Às 21h30, na Filadélfia, nos Estados Unidos, o árbitro apitou o início da partida. Em Brasília, no Deboche Bar, a distância não impedia a festa. Os torcedores entoavam uma das músicas mais tradicionais das arquibancadas brasileiras: “Em 58 foi Pelé, em 62 foi o Mané, em 70 o esquadrão, primeiro a ser tricampeão...”.
Aos 12 minutos do primeiro tempo, Raphinha balançou as redes e fez o Deboche explodir em comemoração.

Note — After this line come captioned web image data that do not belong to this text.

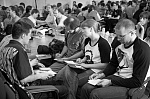 Фестиваль интеллектуальных игр «Девятый блин – Одиннадцатая Великолукская осень» 17-18 мая 2014 года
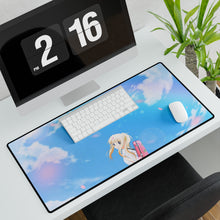 Load image into Gallery viewer, Anime Your Lie in April Mouse Pad (Desk Mat)
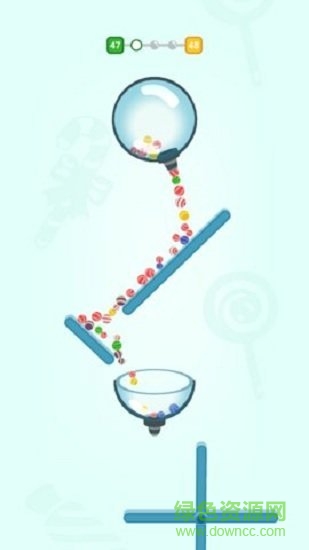 扔糖糖官方版Sugar Drop! v1.0.1 安卓版0
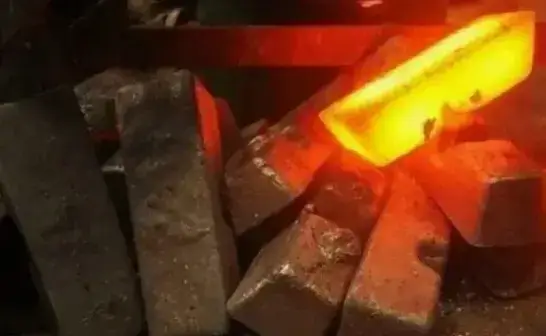 pig iron exports from Ukraine increased by 45% in 5 months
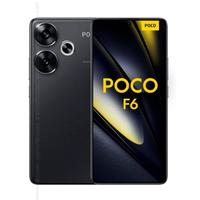 Gambar New Xiaomi Poco F6 resmi xiaomi indonesia 12/512gb 8/256gb - Black 8/256 dari kats store1 undefined 3 Tokopedia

Copos erguidos, cerveja lançada para o alto, abraços e gritos tomaram conta do ambiente. A festa, porém, durou pouco. O camisa 11 estava impedido e o gol foi anulado.
Mesmo com a frustração, a animação não diminuiu. Ninguém abandonou o posto. A cada troca de passes no campo de ataque, a torcida reagia como se o gol estivesse prestes a sair. Aos 22 minutos, um novo suspiro coletivo. Raphinha recebeu livre, avançou em direção ao goleiro haitiano e tentou uma cavadinha. A bola passou pelo arqueiro, mas saiu lentamente pela linha de fundo.
O grito, preso na garganta veio um minuto depois. Gol do Brasil. Matheus Cunha fez o Deboche inteiro sair do chão. Desconhecidos se abraçavam como velhos amigos, unidos pela mesma paixão. Em meio à comemoração, o bar mostrava um retrato de Brasília: pessoas de diferentes histórias compartilhando o mesmo sentimento, mesmo a milhares de quilômetros da Filadélfia.